Rebekah heard the still, small voice, Help them. She bit her lip, fixing her eyes on the trees behind them.

But Father, I must save Sarah.

She turned to a ray of light breaking through the clouds above, seeking reassurance.

Sarah will be safe, the voice whispered.

Lord, I don’t see how that can be. Her shoulders relaxed. But I trust that you love my baby even more than I and will send angels to protect her.

Both comforted and afraid, Rebekah focused on the task at hand. “First, see what they’re carrying that we can use. Then help me drag them to the river. Drifting downstream will make it difficult to determine where they were killed. Then we must dilute this blood.”
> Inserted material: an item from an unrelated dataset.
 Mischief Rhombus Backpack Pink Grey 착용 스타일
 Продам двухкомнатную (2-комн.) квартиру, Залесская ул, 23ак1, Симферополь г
From the soldiers they pilfered three canteens, two hatchets, a map, a spyglass, and an assortment of daggers and swords. They also took the food and provisions from the army cart.

While the family cleared away the signs of struggle, she rode the soldiers’ cart into the woods, hiding the bright green dragon engraved on each side. After unhitching the horse that pulled it, Rebekah rode back to where the wagon and cart left the road. Jonathan had taught her to track. The cart and wagon's wheels damaged a few bushy weeds near the road. She cut the bent stems far below the obvious breaks, and used them to brush out the wagon tracks.

Where should we go, Father?

The clouds rumbled, parting slightly, another shaft of light pointed toward Frei Forest. It was twenty miles from River Town, a woodland so thick no one could build there easily.

She returned, brushing soil from her hands. “We can make our way south to just this side of the river near Fairness Crossing. In the Frei, we can remain indefinitely as long as we stay out of sight.”

Mister Donitoro nodded. “Our faith is with you.”